O leitor quer ver mais?
Logo no dia 01/01/2010, sua página de opinião, a Folha de S. Paulo publicou ‘Rephorma ortográphica’, de Cassio Schubsky, que se apresentou como editor. Vociferava contra a ‘reforma’ ortográfica (os analistas mais conceituados insistem em dizer que não houve reforma, houve um acordo), cuja entrada em vigor comemorava um ano. Lá pelas tantas, escreveu (acredite, se puder!):
Fala sério! Por que não aplicar à língua portuguesa regras imutáveis, como as da matemática, santo Deus? Imagine só se mais com mais começasse a dar menos.

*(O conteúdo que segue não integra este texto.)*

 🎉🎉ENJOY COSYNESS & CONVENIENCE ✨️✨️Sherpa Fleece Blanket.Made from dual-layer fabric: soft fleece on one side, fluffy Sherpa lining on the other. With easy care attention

Ou menos com menos desse menos. Seria o fim do mundo se a ordem dos fatores alterasse o produto. Bom, melhor não dar ideia, ou logo se reúne uma assembleia num boteco aqui da Pompeia… e, não bastasse a reforma ortográfica, pinta logo uma reforma matemática.
Ou física, sei lá.
E ele é editor!! Imaginar que as regras ortográficas têm a mesma natureza das leis da matemática ou da física é mesmo o fim do mundo. E eu que achava que 2010 traria novidades! Não trouxe. São as mesmas enchentes, os mesmos deslizamentos, as mesmas burradas!’